In this retrospective study, data for all pediatric patients (aged < 18 years), with genetically confirmed diagnosis of SMA who were treated with nusinersen, were collected before initiation of treatment and after 2 months of treatment. We assessed motor function using standardized scales and nutritional status of patients with SMA as well as side effects of nusinersen.
Forty-six pediatric patients aged < 18 years were enrolled in this study. After 2 months of treatment, the motor function of patients with SMA type 1, 2, and 3 improved. The difference in Revised Upper Limb Module scores from M0 to M2 was significant in patients with SMA type 2 and 3 (P = 0.004, P = 0.042, respectively). The difference in Hammersmith Functional Motor Scale Expanded scores from M0 to M2 in patients with SMA type 2 was also significant (P = 0.000). No significant differences were found for Children's Hospital of Philadelphia Infant Test of Neuromuscular Disorder (CHOP-INTEND), Hammersmith Infant Neurologic Examination-Part 2 (HINE-2), and 6-Minute Walking Test (6MWT) scores between M0 and M2, but the scores of CHOP-INTEND, HINE-2, and 6MWT were all increased after loading period treatment. The overall improvement in nutritional status was not statistically significant. No serious adverse effects were observed.

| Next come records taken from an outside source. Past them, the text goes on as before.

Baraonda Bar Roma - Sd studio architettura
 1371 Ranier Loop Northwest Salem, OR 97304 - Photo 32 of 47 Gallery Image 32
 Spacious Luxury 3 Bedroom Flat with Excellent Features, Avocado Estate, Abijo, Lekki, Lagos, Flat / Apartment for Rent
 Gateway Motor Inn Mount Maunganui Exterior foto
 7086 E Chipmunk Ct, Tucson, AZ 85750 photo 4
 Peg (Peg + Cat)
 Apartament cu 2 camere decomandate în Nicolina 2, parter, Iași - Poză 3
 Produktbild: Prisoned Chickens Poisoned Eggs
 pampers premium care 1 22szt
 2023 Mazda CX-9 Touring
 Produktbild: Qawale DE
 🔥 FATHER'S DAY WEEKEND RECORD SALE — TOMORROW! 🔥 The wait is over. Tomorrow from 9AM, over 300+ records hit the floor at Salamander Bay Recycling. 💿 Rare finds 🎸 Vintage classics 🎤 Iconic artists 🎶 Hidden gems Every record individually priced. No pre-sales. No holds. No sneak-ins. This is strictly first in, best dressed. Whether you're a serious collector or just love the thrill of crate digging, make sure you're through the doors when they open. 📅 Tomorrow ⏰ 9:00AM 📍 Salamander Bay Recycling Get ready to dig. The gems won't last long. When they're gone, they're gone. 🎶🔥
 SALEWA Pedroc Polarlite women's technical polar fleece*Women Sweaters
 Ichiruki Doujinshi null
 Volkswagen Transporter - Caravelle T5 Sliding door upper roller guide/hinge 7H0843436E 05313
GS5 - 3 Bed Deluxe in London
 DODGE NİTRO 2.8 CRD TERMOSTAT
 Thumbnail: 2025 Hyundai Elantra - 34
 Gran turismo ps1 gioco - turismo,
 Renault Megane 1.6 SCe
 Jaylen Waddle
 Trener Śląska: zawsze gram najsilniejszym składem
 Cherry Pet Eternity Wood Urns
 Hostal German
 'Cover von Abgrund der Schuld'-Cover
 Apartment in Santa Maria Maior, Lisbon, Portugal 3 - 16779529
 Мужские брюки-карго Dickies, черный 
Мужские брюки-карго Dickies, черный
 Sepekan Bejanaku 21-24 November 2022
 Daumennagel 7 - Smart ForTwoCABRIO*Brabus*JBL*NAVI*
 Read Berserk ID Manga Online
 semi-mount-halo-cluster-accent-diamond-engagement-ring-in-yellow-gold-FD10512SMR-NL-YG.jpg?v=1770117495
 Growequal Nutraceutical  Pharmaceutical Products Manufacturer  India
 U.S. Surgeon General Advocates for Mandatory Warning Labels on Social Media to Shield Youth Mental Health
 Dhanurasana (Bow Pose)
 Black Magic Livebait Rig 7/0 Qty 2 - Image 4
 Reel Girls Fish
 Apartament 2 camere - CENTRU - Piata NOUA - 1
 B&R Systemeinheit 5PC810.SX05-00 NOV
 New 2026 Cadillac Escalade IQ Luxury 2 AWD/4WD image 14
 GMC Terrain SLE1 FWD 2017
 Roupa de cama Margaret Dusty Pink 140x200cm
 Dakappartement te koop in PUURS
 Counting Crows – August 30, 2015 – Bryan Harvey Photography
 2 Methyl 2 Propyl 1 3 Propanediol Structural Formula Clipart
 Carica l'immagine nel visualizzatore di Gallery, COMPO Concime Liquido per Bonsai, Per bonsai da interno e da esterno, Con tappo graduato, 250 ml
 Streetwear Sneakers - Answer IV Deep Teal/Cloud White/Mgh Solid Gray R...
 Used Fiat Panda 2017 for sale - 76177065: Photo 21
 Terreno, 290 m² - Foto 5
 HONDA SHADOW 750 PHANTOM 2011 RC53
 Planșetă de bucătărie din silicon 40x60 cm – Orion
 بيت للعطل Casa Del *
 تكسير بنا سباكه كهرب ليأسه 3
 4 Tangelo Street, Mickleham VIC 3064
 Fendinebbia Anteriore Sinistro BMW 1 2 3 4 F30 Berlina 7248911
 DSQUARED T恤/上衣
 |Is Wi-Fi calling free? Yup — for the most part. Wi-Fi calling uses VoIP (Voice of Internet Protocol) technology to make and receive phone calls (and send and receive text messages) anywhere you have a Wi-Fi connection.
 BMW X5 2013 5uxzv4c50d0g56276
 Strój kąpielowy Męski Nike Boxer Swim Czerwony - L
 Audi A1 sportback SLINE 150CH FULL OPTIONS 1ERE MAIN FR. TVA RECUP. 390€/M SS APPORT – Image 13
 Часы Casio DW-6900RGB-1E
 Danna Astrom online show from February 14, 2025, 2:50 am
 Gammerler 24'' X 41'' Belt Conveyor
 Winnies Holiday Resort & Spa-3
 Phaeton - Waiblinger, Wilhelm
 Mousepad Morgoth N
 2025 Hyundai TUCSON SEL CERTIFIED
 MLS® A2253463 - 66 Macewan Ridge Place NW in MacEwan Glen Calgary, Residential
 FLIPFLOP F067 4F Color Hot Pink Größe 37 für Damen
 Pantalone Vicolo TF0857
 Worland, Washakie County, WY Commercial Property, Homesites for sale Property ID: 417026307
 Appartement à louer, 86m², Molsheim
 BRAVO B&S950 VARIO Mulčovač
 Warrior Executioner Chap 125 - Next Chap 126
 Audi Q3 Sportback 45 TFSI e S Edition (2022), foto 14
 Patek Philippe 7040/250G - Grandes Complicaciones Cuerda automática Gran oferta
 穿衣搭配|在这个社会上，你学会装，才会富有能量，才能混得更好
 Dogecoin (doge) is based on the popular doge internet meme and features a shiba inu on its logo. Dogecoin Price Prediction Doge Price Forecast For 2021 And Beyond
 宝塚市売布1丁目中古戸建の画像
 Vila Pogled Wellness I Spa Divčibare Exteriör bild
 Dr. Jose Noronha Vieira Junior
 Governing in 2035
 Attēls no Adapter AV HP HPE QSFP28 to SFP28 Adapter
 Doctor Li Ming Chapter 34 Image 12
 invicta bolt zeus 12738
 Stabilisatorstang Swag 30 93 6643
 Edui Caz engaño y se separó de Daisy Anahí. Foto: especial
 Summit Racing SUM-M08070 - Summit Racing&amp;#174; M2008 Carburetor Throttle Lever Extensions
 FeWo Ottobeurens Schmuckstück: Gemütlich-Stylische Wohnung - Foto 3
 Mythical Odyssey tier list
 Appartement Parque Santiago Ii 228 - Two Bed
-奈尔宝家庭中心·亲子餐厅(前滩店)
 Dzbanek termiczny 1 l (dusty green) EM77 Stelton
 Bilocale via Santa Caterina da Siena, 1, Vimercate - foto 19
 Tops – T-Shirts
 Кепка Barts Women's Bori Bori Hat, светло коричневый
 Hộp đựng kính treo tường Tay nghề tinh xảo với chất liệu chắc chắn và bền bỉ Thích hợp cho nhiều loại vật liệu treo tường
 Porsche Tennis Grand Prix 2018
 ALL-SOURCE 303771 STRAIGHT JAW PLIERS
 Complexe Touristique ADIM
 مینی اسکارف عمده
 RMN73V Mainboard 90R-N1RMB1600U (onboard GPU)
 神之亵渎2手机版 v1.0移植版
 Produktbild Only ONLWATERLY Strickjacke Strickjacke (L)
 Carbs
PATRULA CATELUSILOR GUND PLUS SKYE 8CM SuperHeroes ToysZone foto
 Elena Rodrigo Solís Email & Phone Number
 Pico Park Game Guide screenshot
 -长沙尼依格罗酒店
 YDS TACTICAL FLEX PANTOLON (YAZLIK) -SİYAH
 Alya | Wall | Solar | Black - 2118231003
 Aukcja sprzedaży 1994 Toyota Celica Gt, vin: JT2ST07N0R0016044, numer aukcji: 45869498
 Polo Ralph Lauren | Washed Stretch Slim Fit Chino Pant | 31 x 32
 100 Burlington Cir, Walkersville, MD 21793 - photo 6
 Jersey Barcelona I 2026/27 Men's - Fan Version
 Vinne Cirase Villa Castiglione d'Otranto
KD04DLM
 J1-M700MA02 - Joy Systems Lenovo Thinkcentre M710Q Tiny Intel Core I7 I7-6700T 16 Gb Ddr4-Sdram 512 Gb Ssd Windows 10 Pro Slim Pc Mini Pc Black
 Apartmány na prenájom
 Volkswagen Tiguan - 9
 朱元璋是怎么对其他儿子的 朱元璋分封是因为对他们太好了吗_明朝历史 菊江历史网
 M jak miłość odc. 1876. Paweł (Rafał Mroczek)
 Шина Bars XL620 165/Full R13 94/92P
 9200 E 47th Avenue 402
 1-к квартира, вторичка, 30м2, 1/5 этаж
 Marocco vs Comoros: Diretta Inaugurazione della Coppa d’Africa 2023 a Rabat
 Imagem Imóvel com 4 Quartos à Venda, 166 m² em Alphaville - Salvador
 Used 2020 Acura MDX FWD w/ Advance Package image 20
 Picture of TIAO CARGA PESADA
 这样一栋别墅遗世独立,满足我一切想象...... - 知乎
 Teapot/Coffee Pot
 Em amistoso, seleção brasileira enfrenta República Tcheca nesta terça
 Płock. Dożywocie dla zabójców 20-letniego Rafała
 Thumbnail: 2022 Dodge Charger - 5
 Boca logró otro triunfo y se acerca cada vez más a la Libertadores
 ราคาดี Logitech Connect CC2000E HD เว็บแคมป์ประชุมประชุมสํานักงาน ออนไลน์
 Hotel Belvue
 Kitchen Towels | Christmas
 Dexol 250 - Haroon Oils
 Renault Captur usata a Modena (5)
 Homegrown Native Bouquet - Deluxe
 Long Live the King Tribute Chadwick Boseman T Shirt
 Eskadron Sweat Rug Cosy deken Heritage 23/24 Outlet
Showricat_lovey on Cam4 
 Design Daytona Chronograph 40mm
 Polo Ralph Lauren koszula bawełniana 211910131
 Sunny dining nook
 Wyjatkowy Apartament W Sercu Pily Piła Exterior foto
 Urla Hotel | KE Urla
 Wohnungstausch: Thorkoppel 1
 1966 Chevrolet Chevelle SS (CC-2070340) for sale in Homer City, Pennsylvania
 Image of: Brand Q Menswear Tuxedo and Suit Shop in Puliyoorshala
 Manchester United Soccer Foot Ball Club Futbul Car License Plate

Our study provides evidence for the efficacy and safety of nusinersen and the nutritional status of pediatric patients with SMA after the loading period treatment. Motor function of all patients improved after 2 months of loading period nusinersen treatment. Patients with a shorter disease duration showed better response to treatment. Careful surveillance of nutritional status is needed in patients with SMA.
脊髓性肌萎缩症(SMA)是一种进行性神经肌肉退行性疾病。依洛硫酸酯酶纳注射液具有起效迅速的特点,能够使患者在治疗早期获益。然而,目前尚无临床研究报道依洛硫酸酯酶纳负荷期治疗后患者运动功能和营养状况的改善情况。因此,本研究旨在探讨依洛硫酸酯酶纳在我国西部地区治疗 SMA 患儿的疗效。
本回顾性研究纳入了所有接受依洛硫酸酯酶纳治疗的基因确诊 SMA 患儿(年龄<18 岁)的数据。这些患儿在开始治疗前和治疗 2 个月后分别采集数据。采用标准化量表评估患儿的运动功能,同时评估 SMA 患儿的营养状况和依洛硫酸酯酶纳的不良反应。
本研究共纳入 46 例<18 岁的患儿。治疗 2 个月后,SMA 1 型、2 型和 3 型患儿的运动功能均得到改善。SMA 2 型和 3 型患儿的修订上肢运动功能测试量表评分从 M0 到 M2 的差值具有统计学意义(P=0.004,P=0.042),SMA 2 型患儿的粗大运动功能测试量表评分从 M0 到 M2 的差值也具有统计学意义(P=0.000)。患儿的费城儿童医院婴儿神经肌肉障碍测试量表、Hammersmith 婴儿神经学检查第 2 部分和 6 分钟步行试验评分从 M0 到 M2 的差值无统计学意义,但负荷期治疗后,这些评分均升高。患儿的营养状况总体改善无统计学意义。未观察到严重的不良反应。
本研究为依洛硫酸酯酶纳治疗 SMA 患儿的疗效和安全性以及负荷期治疗后患儿的营养状况提供了证据。所有患儿在依洛硫酸酯酶纳负荷期治疗 2 个月后运动功能均得到改善,疾病持续时间较短的患儿对治疗的反应更好。需要密切监测 SMA 患儿的营养状况。